| Task item |
Return exactly the lines from the "To install this" line through the last line of the entries below. Include no pictures.

═════ Dataset entries ═════

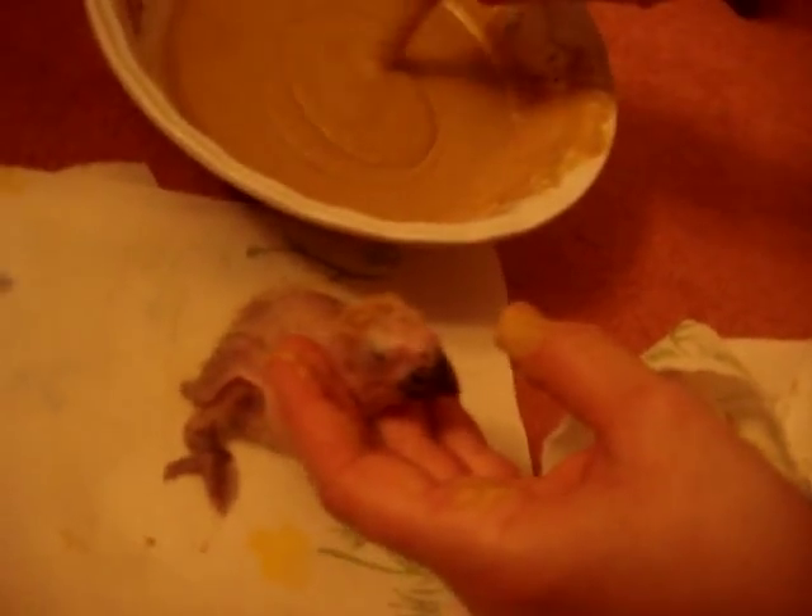When cleaning the tank, you just wipe everything down. I always keep water in the tank for humidity purposes, because they're from a tropical country. Africa is very humid, so I try to keep the humidity going and make it a tropical atmosphere.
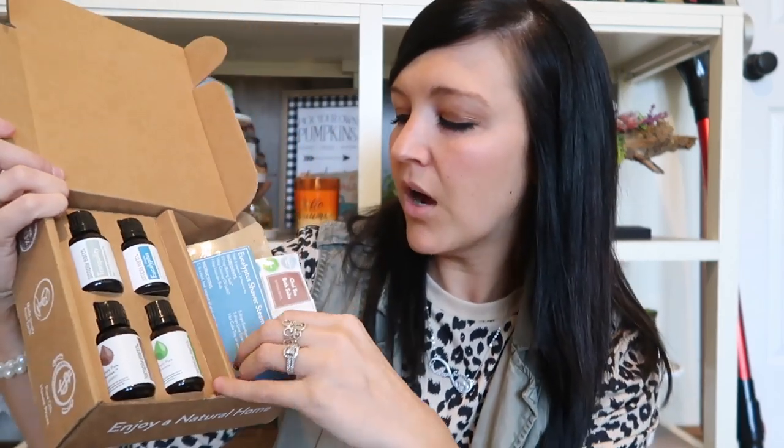Hey guys, welcome to my channel! Today I'm gonna do my Simply Earth unboxing. I have already opened this box - this is the essential oil recipe box. These are super fun, they come every single month. If you guys want to check out Simply Earth I will leave links in the description box below. I definitely recommend ordering the big box - I'll leave that video in the description as well. So I'm gonna show you guys what's inside this one - this is the October box. You always get some cards in here and some stickers, and you make your own items with these.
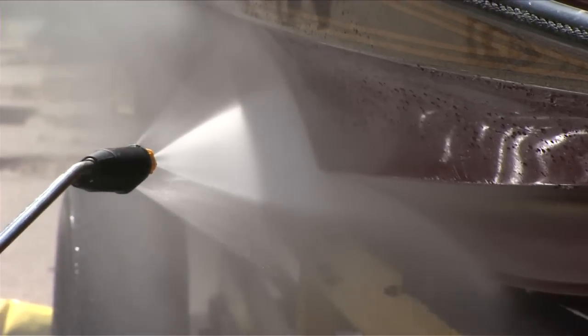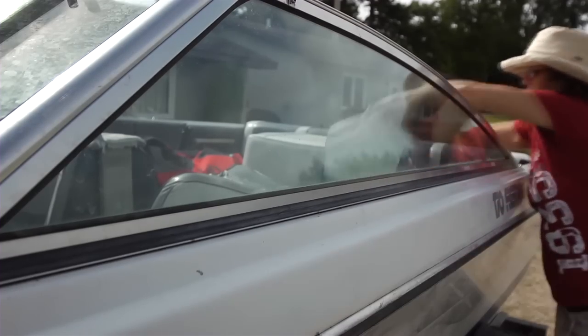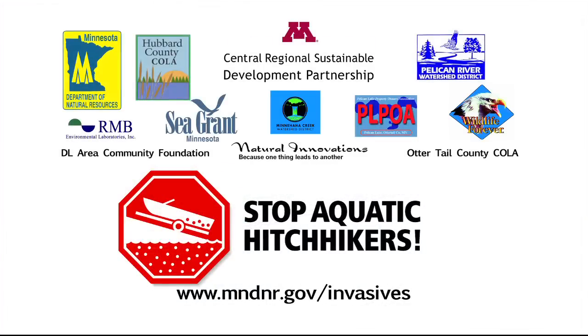Rinse boat, live well and gear with hot water. Spray with high pressure or dry for at least five days. These steps are simple and they help stop aquatic invasive species.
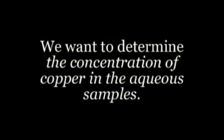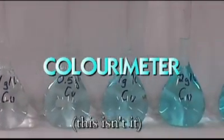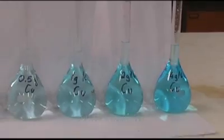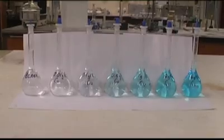So what's the go with comparing the samples? Well, we're checking to determine the concentration of copper in each of the aqueous layer samples. Surely there's a machine that can do that. Yes, there is — it's called a colourimeter. It works by using a wavelength of about 625 nanometers to measure the absorbance of the solutions. By drawing a Beer-Lambert curve, it's possible to gauge the concentration of each of the samples.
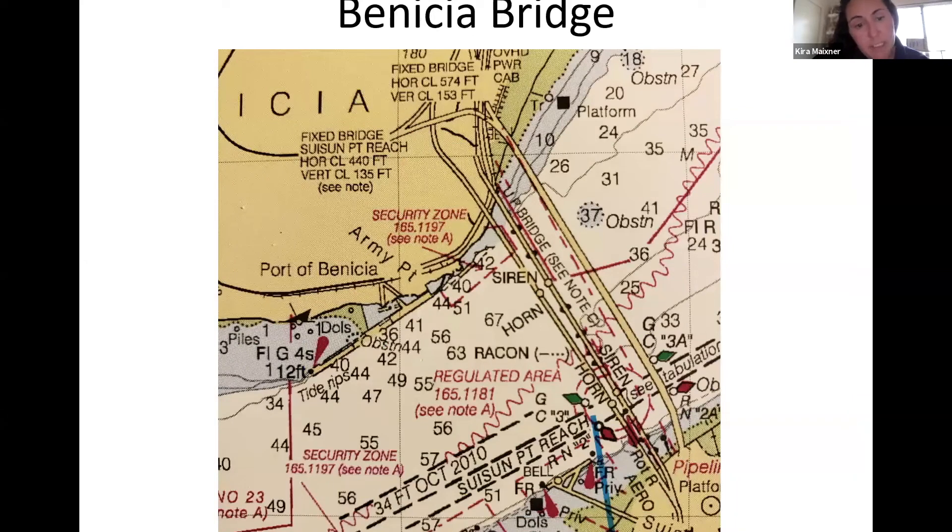After Benicia, you'll pass a couple of bridges at Suicide Point. The horizontal clearance is 440 feet and the vertical clearance on one fixed bridge is 153 feet — plenty of room. Closer to the shoreline it gets shallower quickly, and there's an obstruction marked with a dotted circle at about 37 feet, so keep your distance.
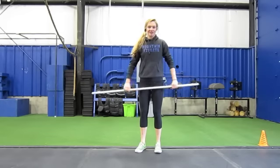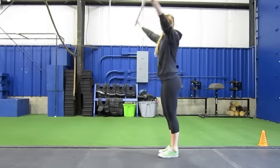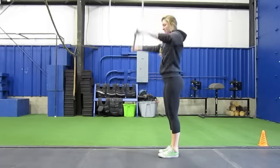These are our lunging dislocates. You're simply going to do a lunge and a shoulder dislocate all in one, like this.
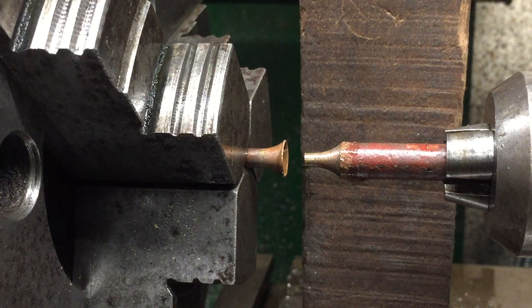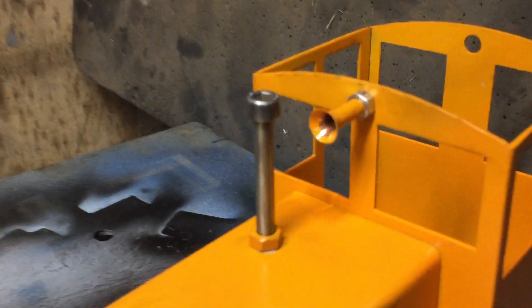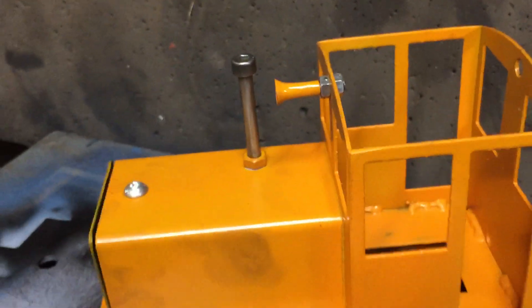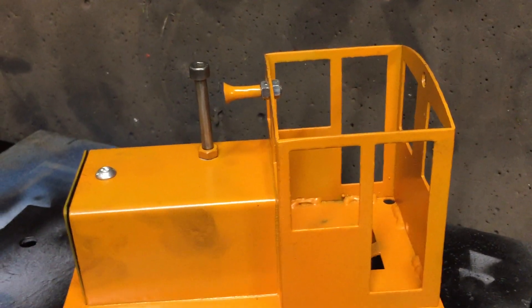Yep, that looks like a train horn to me. And here's the one I made earlier, painted and cleaned up, with a bit of 5mm threaded bar at the back. That looks like a trainer and I'm pleased with that.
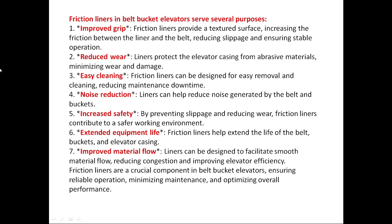Friction liners are a crucial component in belt bucket elevators, ensuring level operation, minimizing maintenance, and optimizing overall performance.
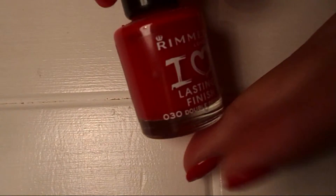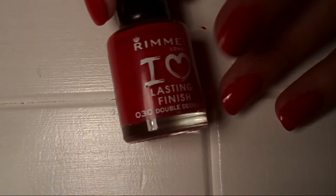The first thing you're going to want to do is paint your nails red. This is called Double Decorage by Rimmel London.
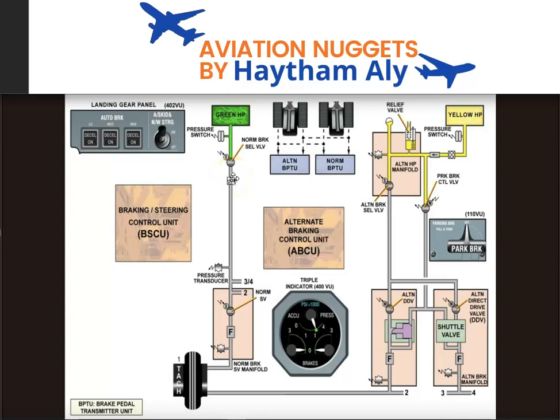Hello again, my fellow pilots and aircraft maintenance personnel. Your host is Haysem Ali, and I'm an aviation technical instructor. Welcome to my aviation nuggets for today. Today I'm going to take you through a discussion of the Airbus A320 brake system.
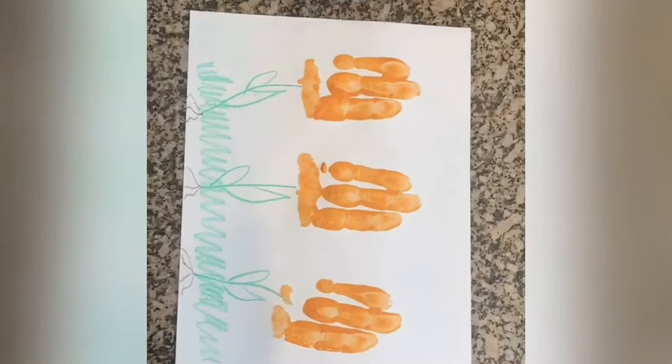You can also add maybe some sunshine or some birds, whatever you like in your picture. I'd love to see your garden. Have fun! Take care, I'll see you next time.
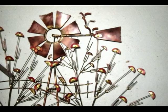Adding some very simple birds, made out of scrap pieces of copper.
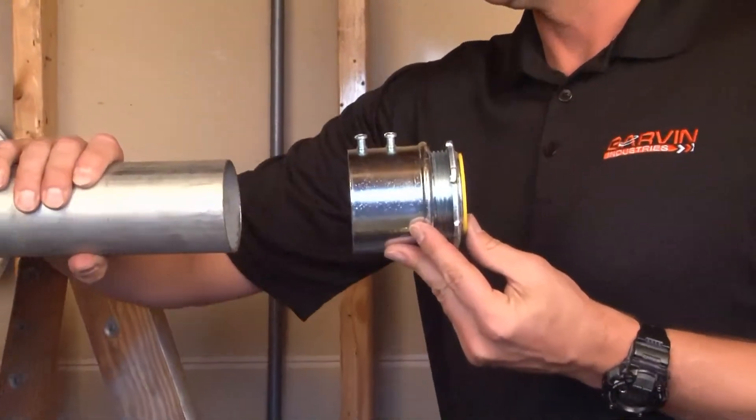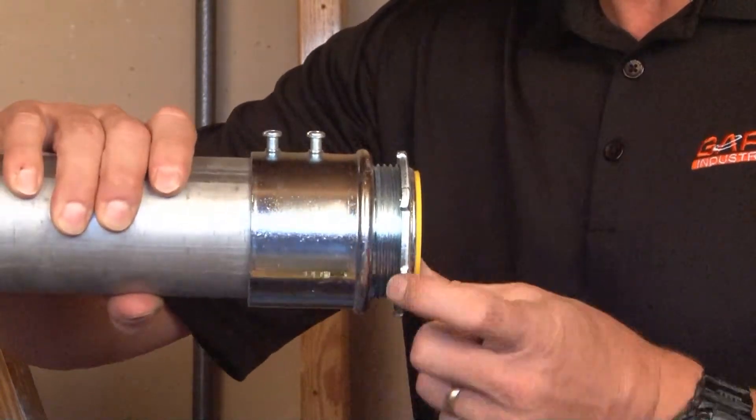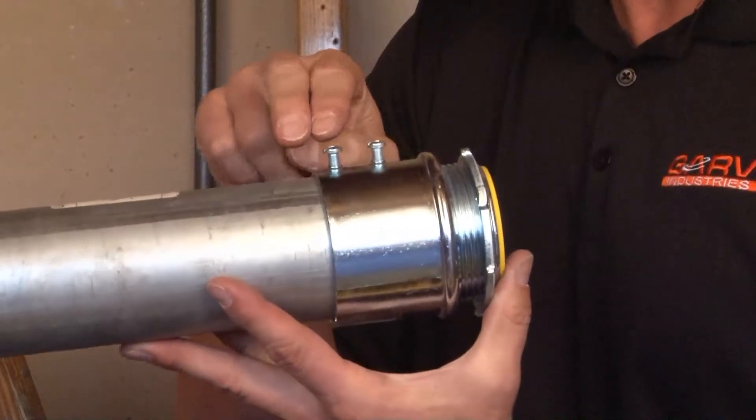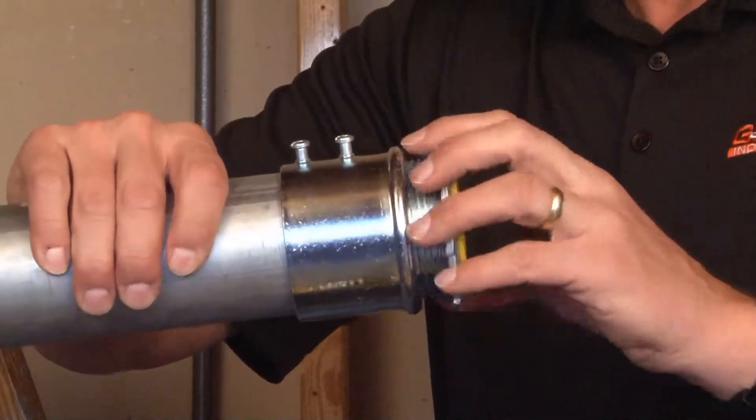To install this product, simply take your cut end of 2½ inch conduit and slide it in until it hits the stop in the connector. Then secure it tightly to the conduit using the set screws and remove the lock nut.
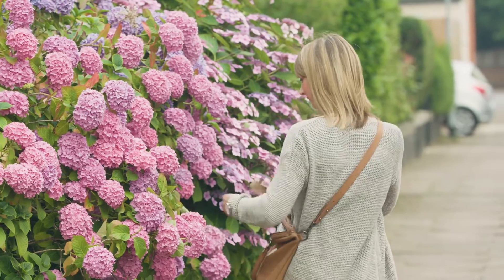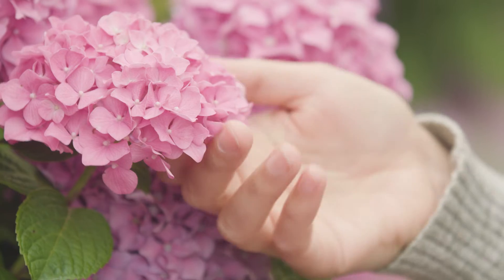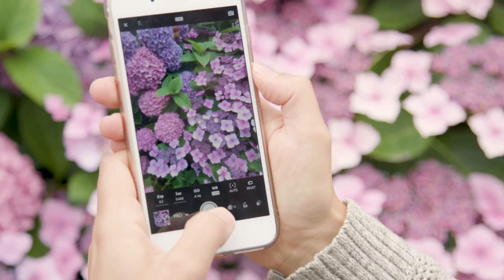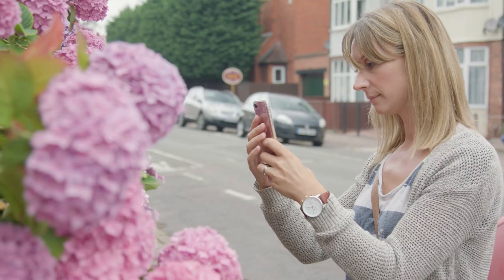I'm Hannah Argyle, I'm a professional photographer from Northampton and when I'm not out taking photos I'm a mum to two young boys. I've been out and about near home today and I stumbled across this beautiful hydrangea which I've taken a snap of with my phone.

═════

| Output below |
To install this product, simply take your cut end of 2½ inch conduit and slide it in until it hits the stop in the connector. Then secure it tightly to the conduit using the set screws and remove the lock nut.
I'm Hannah Argyle, I'm a professional photographer from Northampton and when I'm not out taking photos I'm a mum to two young boys. I've been out and about near home today and I stumbled across this beautiful hydrangea which I've taken a snap of with my phone.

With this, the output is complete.